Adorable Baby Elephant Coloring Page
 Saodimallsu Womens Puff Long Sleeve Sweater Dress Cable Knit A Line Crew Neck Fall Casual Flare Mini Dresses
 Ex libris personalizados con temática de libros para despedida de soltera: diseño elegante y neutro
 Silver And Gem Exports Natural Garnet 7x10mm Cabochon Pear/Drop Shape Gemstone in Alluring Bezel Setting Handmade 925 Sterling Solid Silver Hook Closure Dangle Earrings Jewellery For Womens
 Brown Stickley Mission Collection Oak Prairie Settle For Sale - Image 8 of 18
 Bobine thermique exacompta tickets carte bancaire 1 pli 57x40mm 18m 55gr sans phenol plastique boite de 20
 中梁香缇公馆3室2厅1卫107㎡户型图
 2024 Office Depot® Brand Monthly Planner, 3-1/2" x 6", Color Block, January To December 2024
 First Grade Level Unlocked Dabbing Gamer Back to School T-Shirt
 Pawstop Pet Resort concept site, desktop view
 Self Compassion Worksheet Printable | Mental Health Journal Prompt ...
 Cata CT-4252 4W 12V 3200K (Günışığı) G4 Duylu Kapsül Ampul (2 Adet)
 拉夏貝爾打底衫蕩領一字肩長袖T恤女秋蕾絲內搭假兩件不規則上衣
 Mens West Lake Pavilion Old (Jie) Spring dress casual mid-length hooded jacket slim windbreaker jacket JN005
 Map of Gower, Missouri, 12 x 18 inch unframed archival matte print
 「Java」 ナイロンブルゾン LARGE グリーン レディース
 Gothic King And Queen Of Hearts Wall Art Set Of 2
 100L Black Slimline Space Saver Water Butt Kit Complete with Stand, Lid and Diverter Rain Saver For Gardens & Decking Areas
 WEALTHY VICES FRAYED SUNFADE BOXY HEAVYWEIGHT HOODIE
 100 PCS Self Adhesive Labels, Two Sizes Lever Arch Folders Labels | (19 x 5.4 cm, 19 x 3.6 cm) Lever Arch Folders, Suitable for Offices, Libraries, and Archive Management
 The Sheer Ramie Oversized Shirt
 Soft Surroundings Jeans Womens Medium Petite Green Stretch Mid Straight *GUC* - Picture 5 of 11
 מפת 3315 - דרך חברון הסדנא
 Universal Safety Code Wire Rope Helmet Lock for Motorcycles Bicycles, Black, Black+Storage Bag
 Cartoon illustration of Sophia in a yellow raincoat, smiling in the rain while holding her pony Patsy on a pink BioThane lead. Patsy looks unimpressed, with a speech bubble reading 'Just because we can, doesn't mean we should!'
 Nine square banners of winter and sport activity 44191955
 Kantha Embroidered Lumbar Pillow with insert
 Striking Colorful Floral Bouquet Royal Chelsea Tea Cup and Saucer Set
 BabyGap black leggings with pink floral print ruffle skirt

----------------------------------------

- _Task statement_: Every record in the listing above is to be copied exactly.

- _Your solution_:
Adorable Baby Elephant Coloring Page
 Saodimallsu Womens Puff Long Sleeve Sweater Dress Cable Knit A Line Crew Neck Fall Casual Flare Mini Dresses
 Ex libris personalizados con temática de libros para despedida de soltera: diseño elegante y neutro
 Silver And Gem Exports Natural Garnet 7x10mm Cabochon Pear/Drop Shape Gemstone in Alluring Bezel Setting Handmade 925 Sterling Solid Silver Hook Closure Dangle Earrings Jewellery For Womens
 Brown Stickley Mission Collection Oak Prairie Settle For Sale - Image 8 of 18
 Bobine thermique exacompta tickets carte bancaire 1 pli 57x40mm 18m 55gr sans phenol plastique boite de 20
 中梁香缇公馆3室2厅1卫107㎡户型图
 2024 Office Depot® Brand Monthly Planner, 3-1/2" x 6", Color Block, January To December 2024
 First Grade Level Unlocked Dabbing Gamer Back to School T-Shirt
 Pawstop Pet Resort concept site, desktop view
 Self Compassion Worksheet Printable | Mental Health Journal Prompt ...
 Cata CT-4252 4W 12V 3200K (Günışığı) G4 Duylu Kapsül Ampul (2 Adet)
 拉夏貝爾打底衫蕩領一字肩長袖T恤女秋蕾絲內搭假兩件不規則上衣
 Mens West Lake Pavilion Old (Jie) Spring dress casual mid-length hooded jacket slim windbreaker jacket JN005
 Map of Gower, Missouri, 12 x 18 inch unframed archival matte print
 「Java」 ナイロンブルゾン LARGE グリーン レディース
 Gothic King And Queen Of Hearts Wall Art Set Of 2
 100L Black Slimline Space Saver Water Butt Kit Complete with Stand, Lid and Diverter Rain Saver For Gardens & Decking Areas
 WEALTHY VICES FRAYED SUNFADE BOXY HEAVYWEIGHT HOODIE
 100 PCS Self Adhesive Labels, Two Sizes Lever Arch Folders Labels | (19 x 5.4 cm, 19 x 3.6 cm) Lever Arch Folders, Suitable for Offices, Libraries, and Archive Management
 The Sheer Ramie Oversized Shirt
 Soft Surroundings Jeans Womens Medium Petite Green Stretch Mid Straight *GUC* - Picture 5 of 11
 מפת 3315 - דרך חברון הסדנא
 Universal Safety Code Wire Rope Helmet Lock for Motorcycles Bicycles, Black, Black+Storage Bag
 Cartoon illustration of Sophia in a yellow raincoat, smiling in the rain while holding her pony Patsy on a pink BioThane lead. Patsy looks unimpressed, with a speech bubble reading 'Just because we can, doesn't mean we should!'
 Nine square banners of winter and sport activity 44191955
 Kantha Embroidered Lumbar Pillow with insert
 Striking Colorful Floral Bouquet Royal Chelsea Tea Cup and Saucer Set
 BabyGap black leggings with pink floral print ruffle skirt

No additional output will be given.